(ABOUT THIS EXERCISE) The data must be written out once more, precisely as given.

(INFORMATION SUPPLIED)
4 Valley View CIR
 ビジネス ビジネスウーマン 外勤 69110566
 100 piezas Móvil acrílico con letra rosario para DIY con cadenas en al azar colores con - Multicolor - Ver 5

(REPLY TO THE TASK)
4 Valley View CIR
 ビジネス ビジネスウーマン 外勤 69110566
 100 piezas Móvil acrílico con letra rosario para DIY con cadenas en al azar colores con - Multicolor - Ver 5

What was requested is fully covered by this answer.